Dortmunder c’est le genre père tranquille, buveur de bière avec ses potes cambrioleurs comme lui. Son métier de cambrioleur, il l’exerce de manière rationnelle. C’est le roi de l’organisation et de la planification. D’après ses plans, tout ce qu’il entreprend devrait aller comme sur des roulettes. Malheureusement, les spécialistes dont il s’entoure n’ont pas inventé l’eau chaude. Et puis surtout, les circonstances s’en mêlent régulièrement pour placer le grain de sable qui vient gripper une mécanique bien huilée. Mais Dortmunder ne perd jamais ses moyens et il réussit toujours à improviser, même s’il reste constamment sur le fil. Il a également le chic pour imaginer les répliques les plus improbables quand il est acculé. Ici, il imagine un casse dans l’immeuble du père, dans le seul but de pénétrer dans l’immeuble et récupérer la fille. Eh oui, c’est la solution pour convaincre ses acolytes de marcher avec lui dans cette histoire.

Westlake ne se contente pas d’être drôle et de concocter un thriller à sa manière (inimitable). En fin observateur du monde il prophétise « Toute association qui survit n’est qu’une forme courtoise d’absorption, c’est pourquoi nous avons maintenant la compagnie multinationale et c’est là que réside aujourd’hui le pouvoir. Certainement pas aux Nations Unies ni dans les gouvernements nationaux. »

En 51 chapitres et environ 350 pages, Westalke construit une intrigue très personnelle. Histoire d’un enlèvement associé à un casse fabuleux, le tout donnant lieu à d’innombrables situations cocasses. Idem pour certaines répliques ou réflexions. Car chaque personnage se fait remarquer par son comportement et son caractère. Entre les truands hyper-spécialisés mais totalement ignorants en dehors de leur domaine et les têtes de mules sûres de leur bon droit que sont (entre autres) Frank Ritter et sa fille Elaine (Sœur Marie de la Grâce), ainsi que des péripéties tellement incongrues qu’on s’esclaffe une fois par chapitre en moyenne, il y a de quoi passer un très bon moment. Ma surprise, puisque je reprenais du Dortmunder, fut de constater que Westalke a toujours un incroyable bonheur d’écrire qui se transmet au lecteur, mais dans une forme qui n’est pas figée.

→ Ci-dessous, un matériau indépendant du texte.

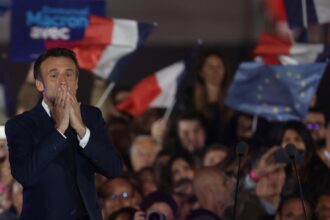 macron-se-reune-com-lideres-politicos-para-iniciar-negociacoes-e-formar-novo-governo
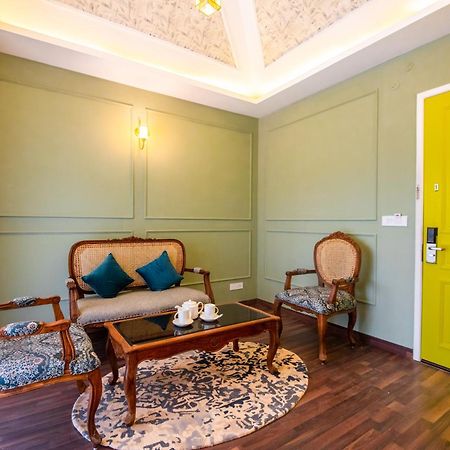 Welcomheritage Santa Roza 卡绍利 外观 照片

Je croyais Dortmunder voué à d’éternels échecs et à d’incroyables tâches de Sysiphe, lui conférant un caractère d’éternel optimiste presque naïf. Ici, il improvise parfois, mais son travail avance constamment et ce n’est pas plus mal.

L’édition de poche Rivages/Noir évoque (début du chapitre 26) la catastrophe de la centrale nucléaire de Three Miles Island (survenue en mars 1979), alors que le roman date de 1968. Explication : la présente traduction est une version remaniée par l’auteur, avec une nouvelle traduction.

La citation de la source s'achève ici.